Problem statement
Nothing but the lines from the one containing "BT Response 15+ User Manual" through the last line of the data below should be returned, each exactly as it stands, pictures excluded.

[Data excerpts]
'''
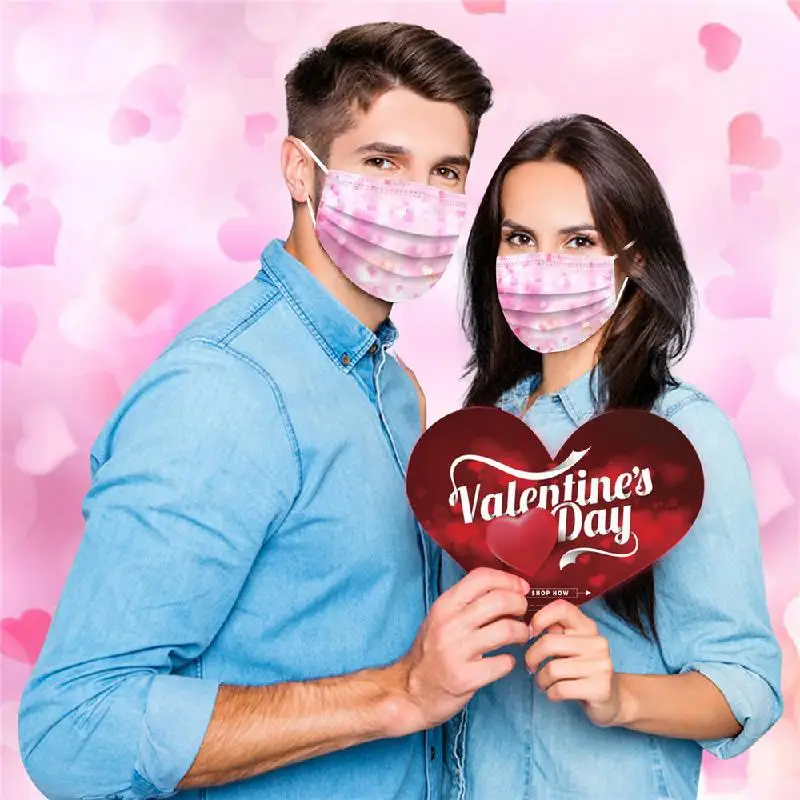 Valentine's Day Series Disposable Adult Heart Printed Mask Men's And Women's Three-layer Protective Mask Fog-proof Sunscreen
Valentine's Day Series Disposable Adult Heart Printed Mask Men's And Women's Three-layer Protective Mask Fog-proof Sunscreen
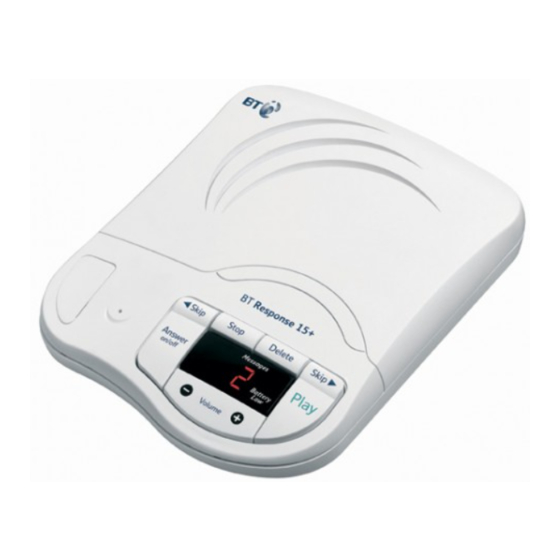 BT Response 15+ User Manual
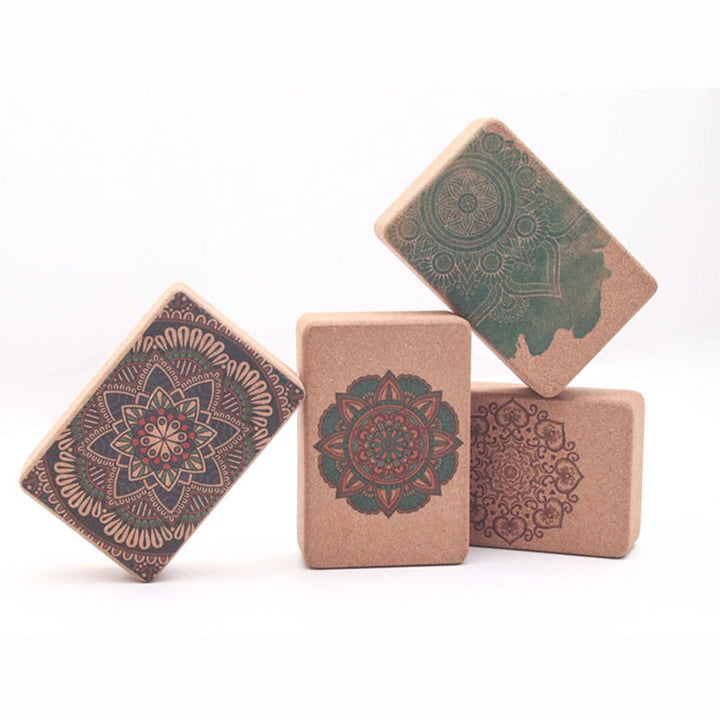 Olivenorma Soft Non-Slip Premium Mandala Cork Yoga Block - image 10
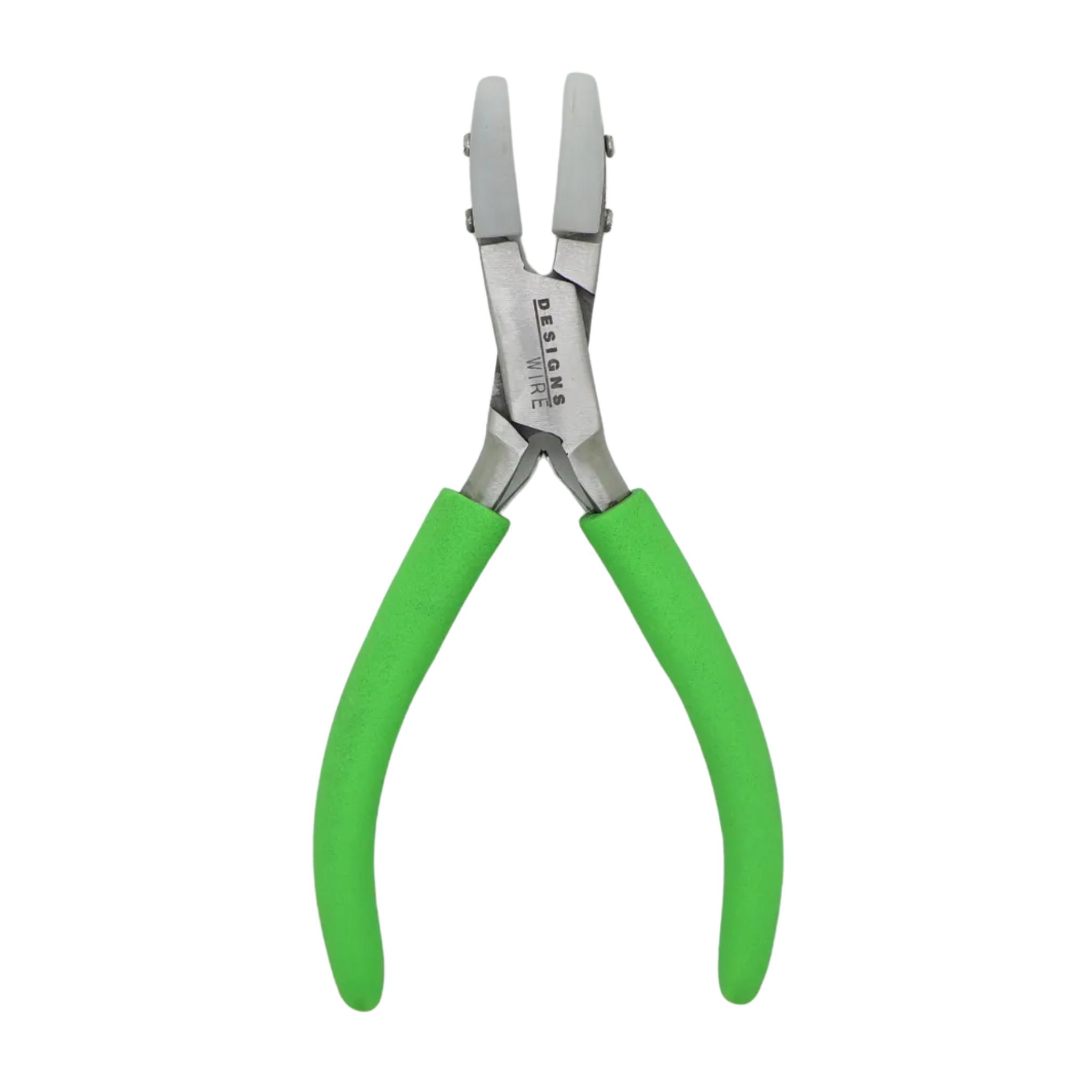 DOUBLE NYLON FLAT NOSE 140MM HANDLE W/ REPLACEMENT 2/BAG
'''
Output for this task
 BT Response 15+ User Manual
 Olivenorma Soft Non-Slip Premium Mandala Cork Yoga Block - image 10
 DOUBLE NYLON FLAT NOSE 140MM HANDLE W/ REPLACEMENT 2/BAG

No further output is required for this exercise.